Wednesday, December 2, 2015

Fast Kullback-Leibler Divergence Using Spark

Target audience: Intermediate

Estimated reading time: 5'

In my role as a data engineer, I've often encountered the challenge of measuring the discrepancy between two probability distributions over identical variables, such as when calculating the loss function for variational auto-encoders or generative adversarial networks.

This article delves into the Kullback-Leibler divergence and how to implement it using Apache Spark for distributed computing.

Table of contents

Note: The source code relies on Spark 3.3.1 and Scala 2.12.4

What you will learn: How to implement the Kullback-Leibler divergence on Apache Spark with Scala

Overview

The Kullback-Leibler divergence, originating from information theory and often linked to Information Gain, is also referred to as the relative entropy between two distributions [ref 1]. It quantifies the difference in the distribution of random values, specifically in their probability density functions.

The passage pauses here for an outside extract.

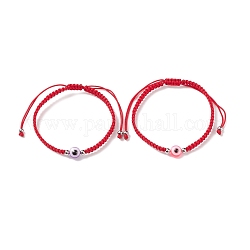 Bracelet de perles tressées en résine mauvais œil, bracelet réglable rouge pour femme, couleur mixte, diamètre intérieur: 2~3-1/2 pouce (5.2~8.75 cm)
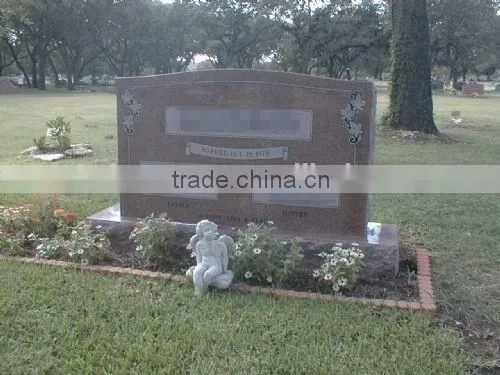 Good Quality Cheap Traditional Upright Serp Top Red Granite Headstone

Let's consider two distribution P and Q with probability density functions p and q

\[D_{KL}(P||Q)= - \int_{-\infty }^{+\infty }p(x).log\frac{p(x)}{q(x)}\] The formula can be interpreted as the Information lost when the distribution Q is used to approximate the distribution P

It is obvious that the computation if not symmetric: \[D_{KL}(P||Q)\neq D_{KL}(Q||P)\]The Kullback-Leibler divergence plays a role in calculating Mutual Information, a method for feature extraction, and is a member of the F-Divergences family.

In this article, we aim to:

Craft an implementation of the Kullback-Leibler divergence in Scala, leveraging the Apache Spark framework for distributed computation.
Showcase how the Kullback-Leibler divergence can be utilized to contrast various continuous probability density functions.

Scala implementation

First, we'll establish the Kullback-Leibler formula to assess the difference between a dataset {xi, yi} (which is likely produced by a certain random variable or distribution) and a specified continuous distribution with a probability density function, f.

We rely on the foldLeft Scala method to compute the summation of the cross entropy value for each data point [ref 2]

object KullbackLiebler {

   final val EPS = 1e-10
   type DATASET = Iterator[(Double, Double)]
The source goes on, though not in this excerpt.